***** STUDY MATERIAL *****

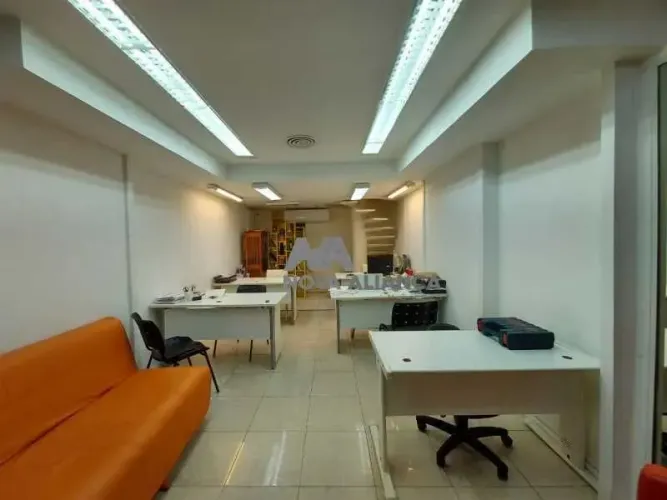 Loja-À VENDA-Ipanema-Rio de Janeiro-RJ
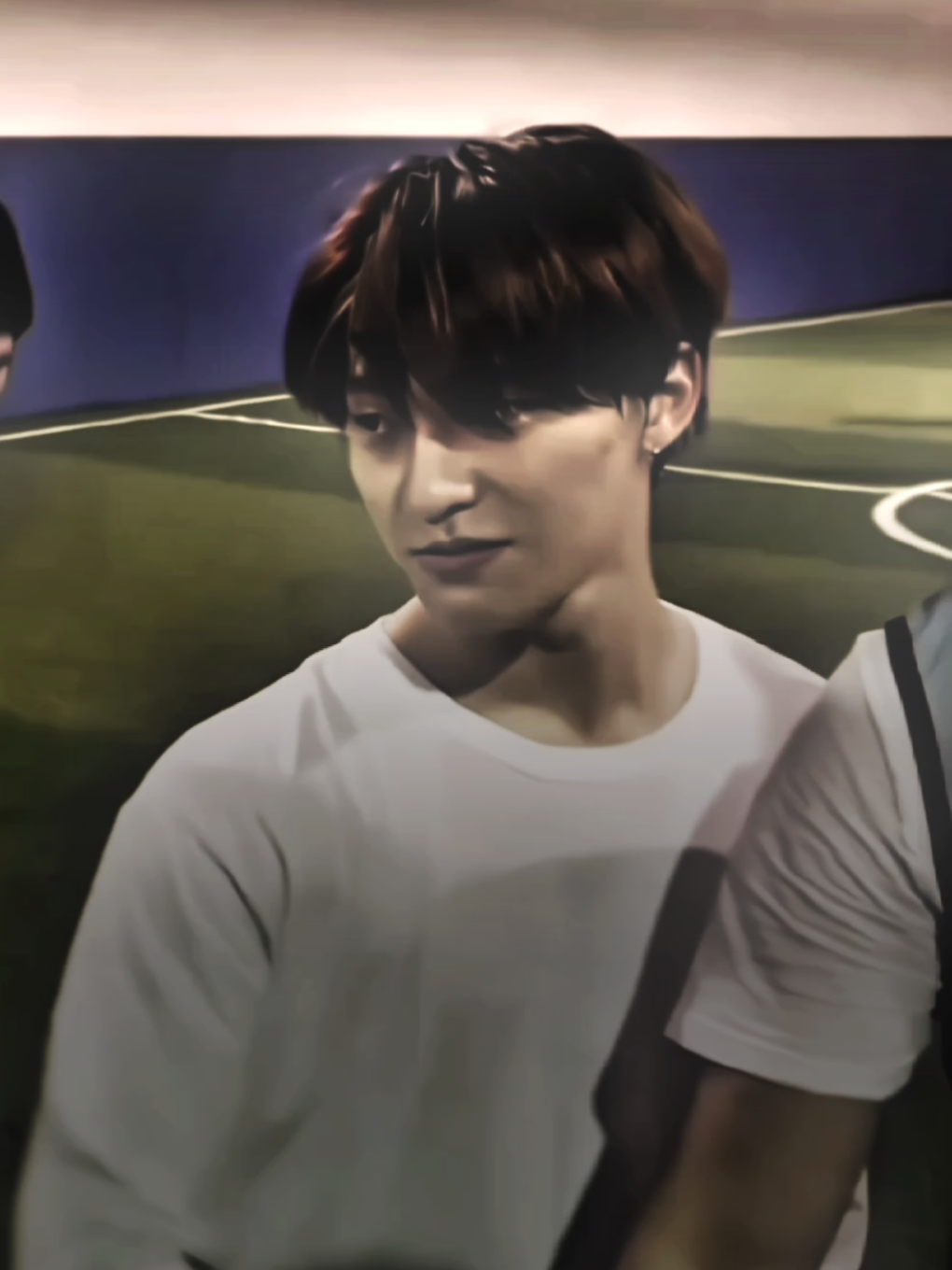 last edit for now #dino #seventeen #kpop #edit #fyp 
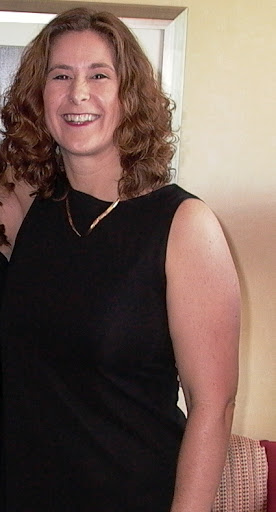 Tonya Stevens Photo 35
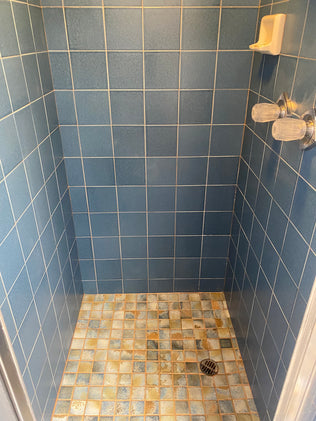 Before/after image 2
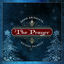Cover The Prayer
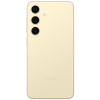 Smartfon Samsung Galaxy S24 8 GB / 256 GB 5G żółty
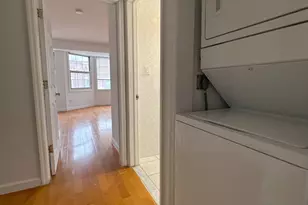 455 N 12th St, Philadelphia, PA 19123 - Photo 15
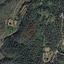 land under offer kampia nicosia 8913138 thumbnail 17417839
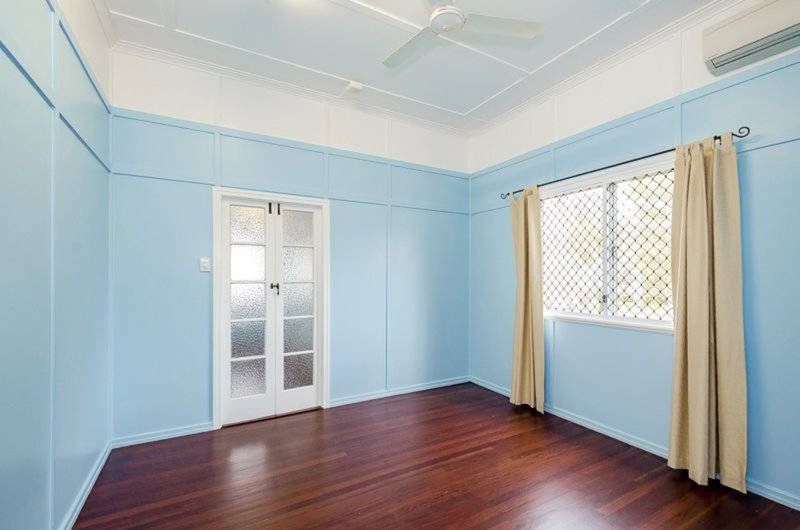 Photo - 6 White Street, West Gladstone QLD 4680 - Image 10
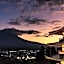 Habitacion Niiya MtFuji201Nearby Kawaguchiko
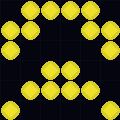 201.77.76.167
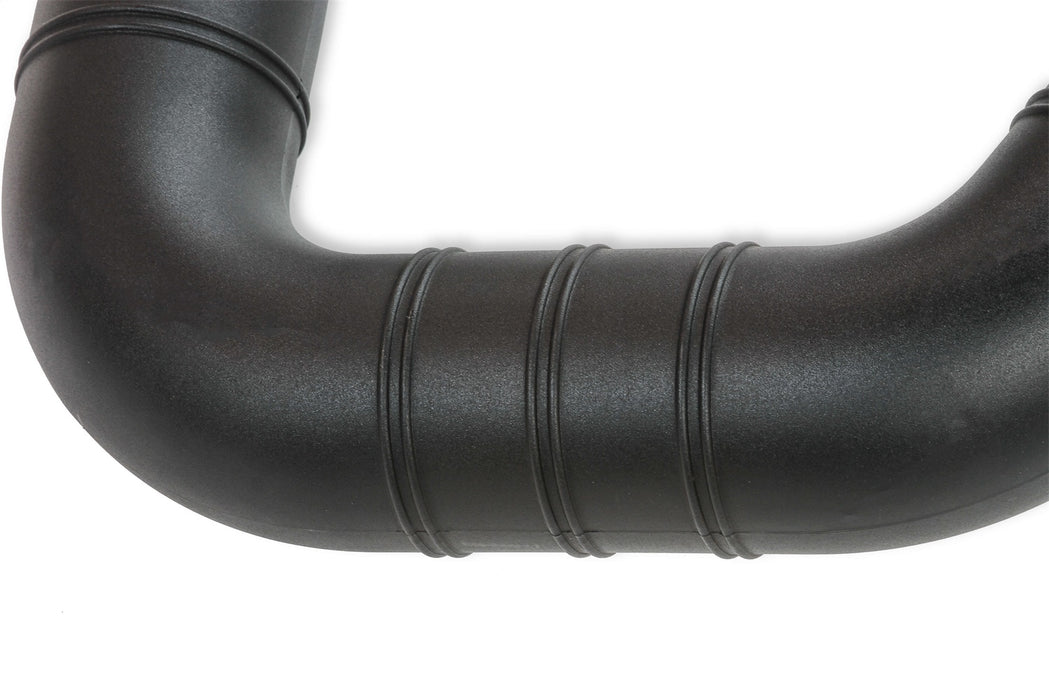 Flowmaster 615400 Delta Force Cold Air Intake Kit - Truck Part Superstore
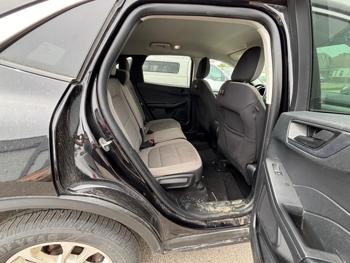 2022 ford escape se-awd with 125670 miles for sale near rochester, minnesota 853c6026d92742dd9826a4fb2ee81bf9.jpeg
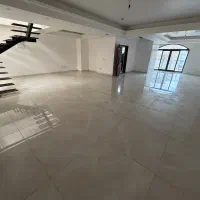 فروش پنت دوبلکس / تاپ لوکیشن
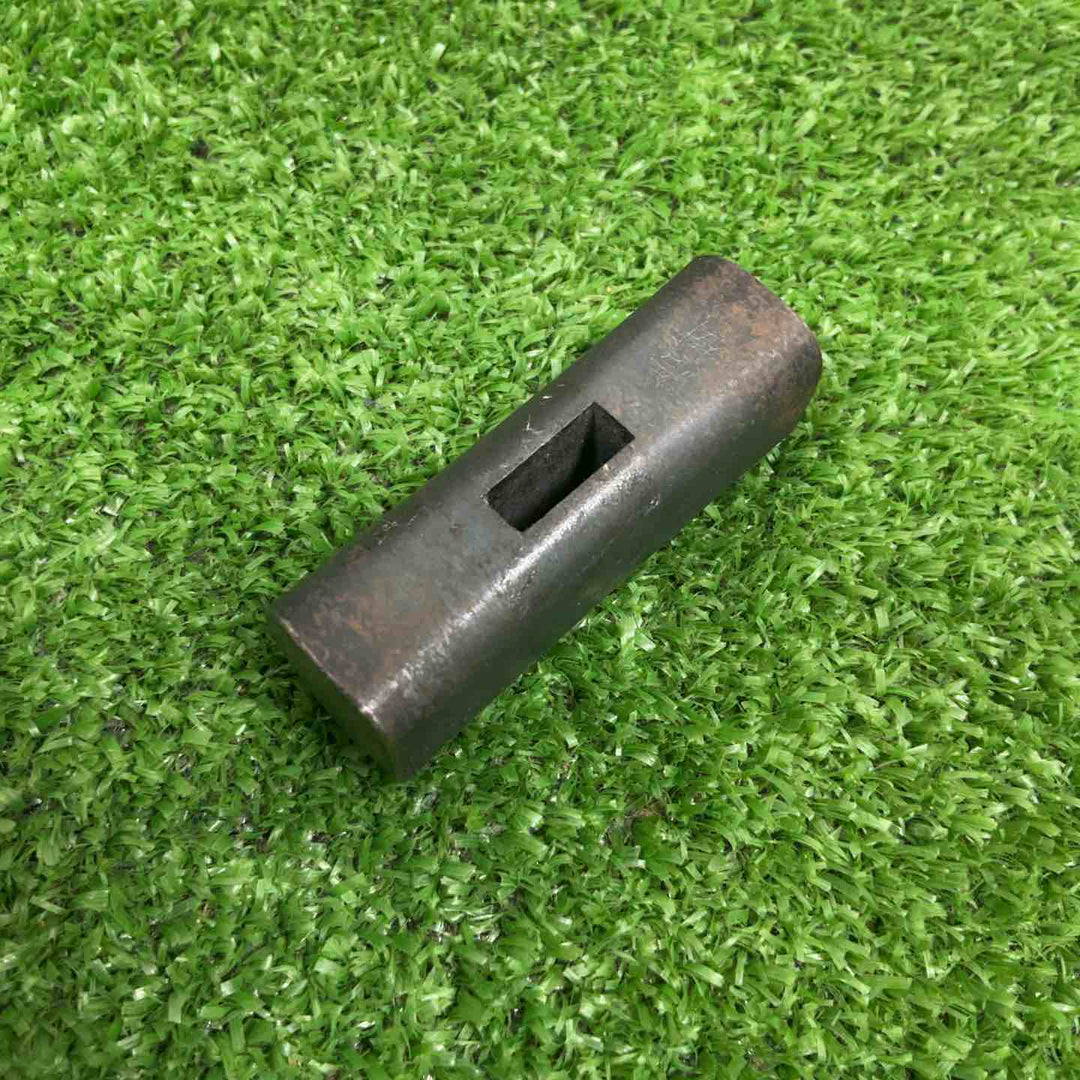 浩樹 玄能 玄翁 30匁 約125ｇ【草加店】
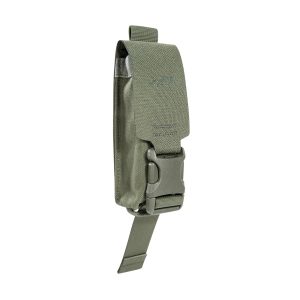 Tool Pocket MKII M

*****

▶ WORK ITEM
Output the span from the line with "201.77.76.167" through the last line of the data, inclusive and exact, and omit every picture.

▶ TASK OUTPUT
 201.77.76.167
 Flowmaster 615400 Delta Force Cold Air Intake Kit - Truck Part Superstore
 2022 ford escape se-awd with 125670 miles for sale near rochester, minnesota 853c6026d92742dd9826a4fb2ee81bf9.jpeg
 فروش پنت دوبلکس / تاپ لوکیشن
 浩樹 玄能 玄翁 30匁 約125ｇ【草加店】
 Tool Pocket MKII M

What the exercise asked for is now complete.